THE TASK – Could you copy every line of the data that contains the word "Picture"?

THE RECORDS –
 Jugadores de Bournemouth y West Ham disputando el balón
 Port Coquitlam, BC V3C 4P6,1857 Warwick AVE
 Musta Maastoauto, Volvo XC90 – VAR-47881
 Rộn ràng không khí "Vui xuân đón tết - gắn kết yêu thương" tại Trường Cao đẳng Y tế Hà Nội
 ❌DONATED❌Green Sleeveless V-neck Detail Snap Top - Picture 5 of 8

...

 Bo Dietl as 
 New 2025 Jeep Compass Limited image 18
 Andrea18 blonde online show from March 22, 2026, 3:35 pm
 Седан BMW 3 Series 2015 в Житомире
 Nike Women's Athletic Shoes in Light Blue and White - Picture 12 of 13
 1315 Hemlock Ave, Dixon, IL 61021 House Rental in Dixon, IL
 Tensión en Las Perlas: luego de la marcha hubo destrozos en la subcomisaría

RESPONSE FOR THIS EXERCISE –
 ❌DONATED❌Green Sleeveless V-neck Detail Snap Top - Picture 5 of 8
 Nike Women's Athletic Shoes in Light Blue and White - Picture 12 of 13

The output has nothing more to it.